# [Raw data]

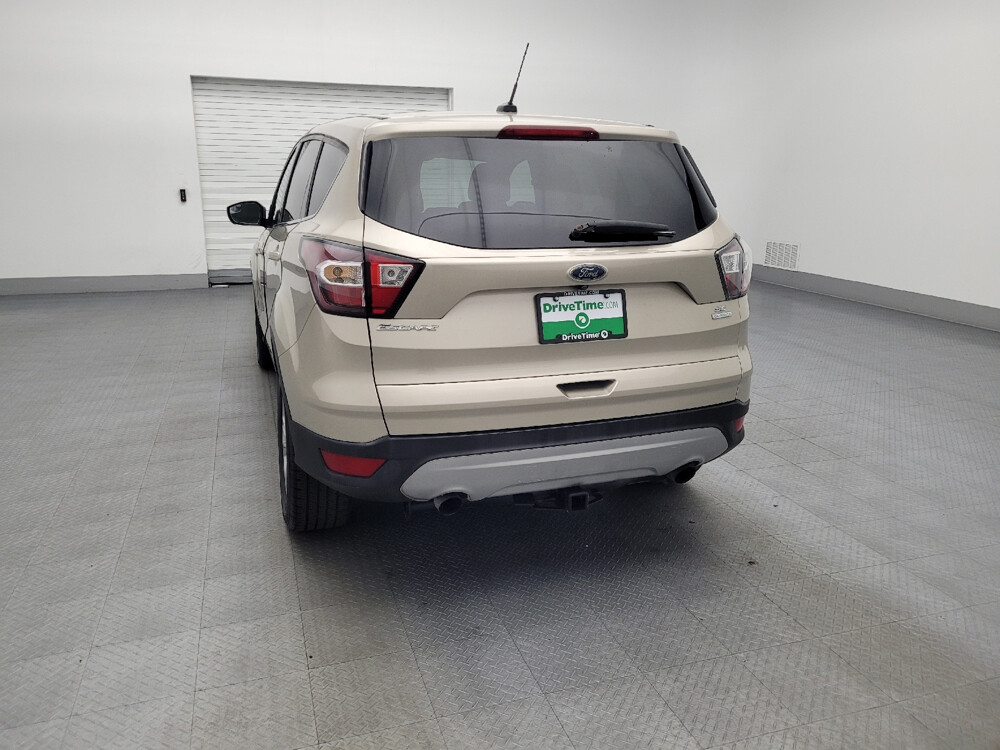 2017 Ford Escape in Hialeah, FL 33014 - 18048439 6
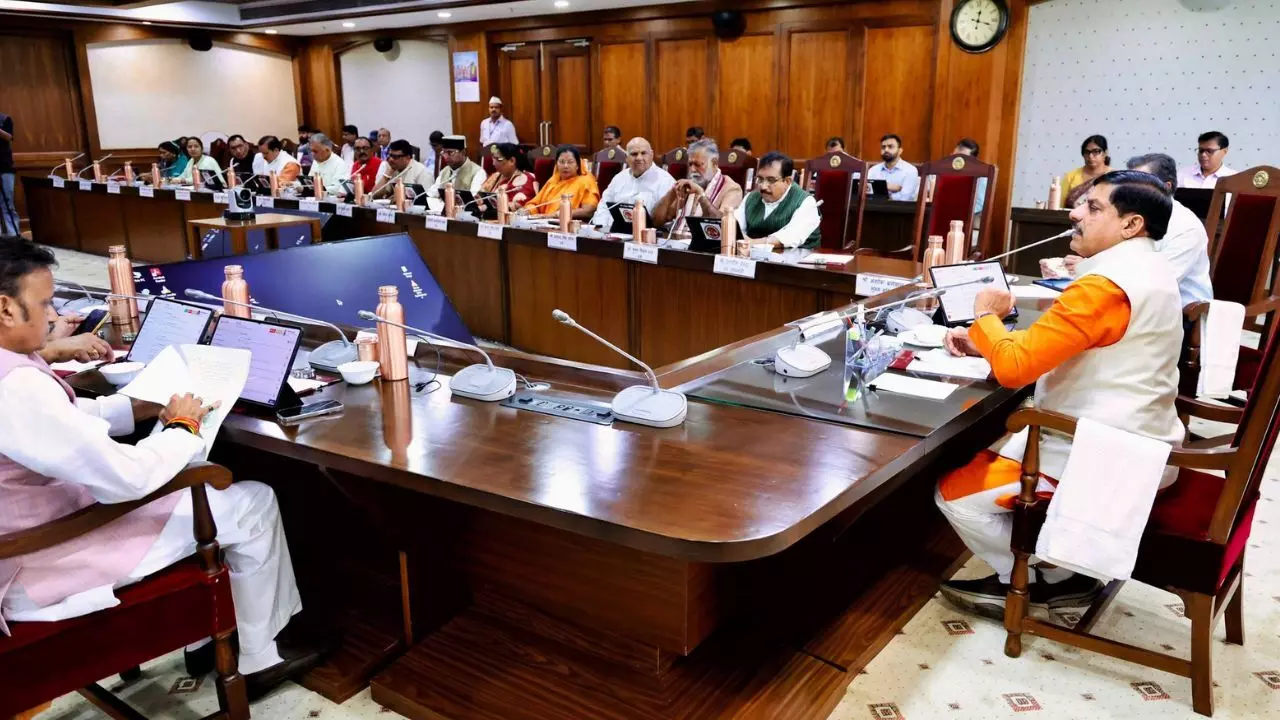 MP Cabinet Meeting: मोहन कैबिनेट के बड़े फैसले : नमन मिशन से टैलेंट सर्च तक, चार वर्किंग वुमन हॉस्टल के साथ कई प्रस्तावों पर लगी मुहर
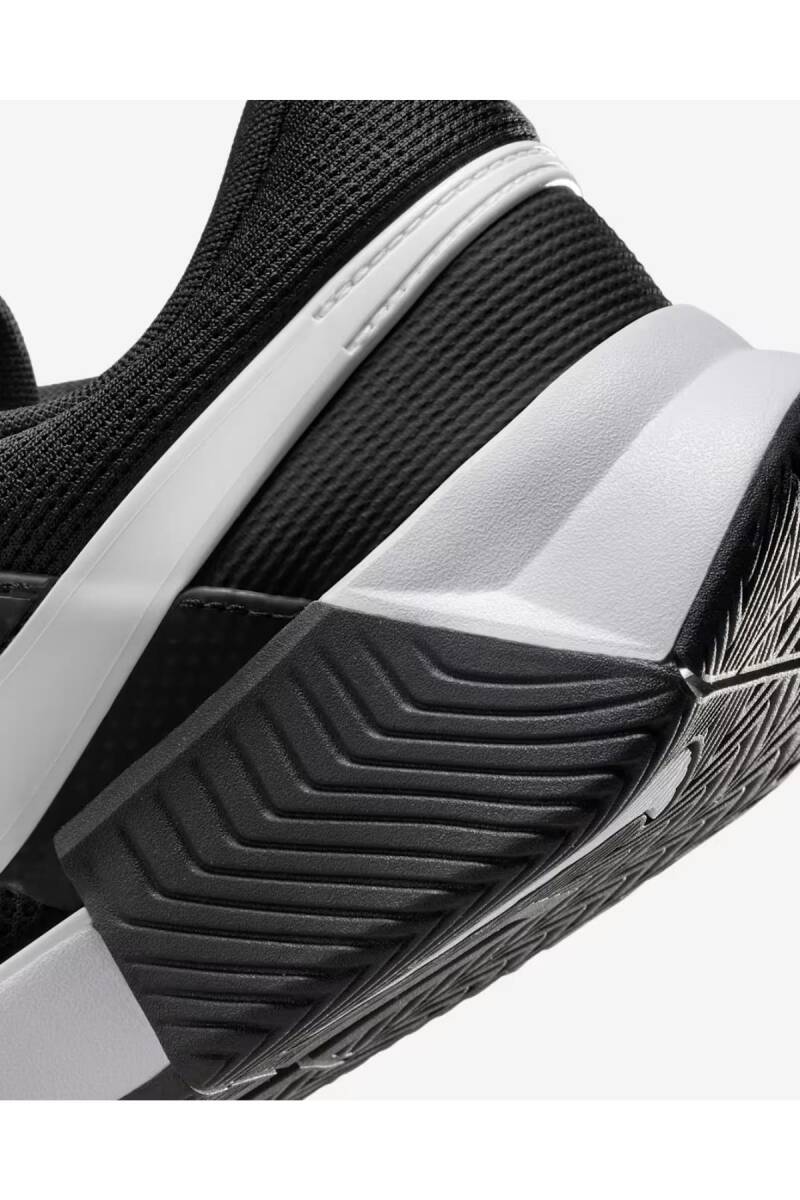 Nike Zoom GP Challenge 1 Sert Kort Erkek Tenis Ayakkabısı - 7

# [Instructions for the task]
Everything above except the pictures needs to be reproduced exactly.

# [Response below]
 2017 Ford Escape in Hialeah, FL 33014 - 18048439 6
 MP Cabinet Meeting: मोहन कैबिनेट के बड़े फैसले : नमन मिशन से टैलेंट सर्च तक, चार वर्किंग वुमन हॉस्टल के साथ कई प्रस्तावों पर लगी मुहर
 Nike Zoom GP Challenge 1 Sert Kort Erkek Tenis Ayakkabısı - 7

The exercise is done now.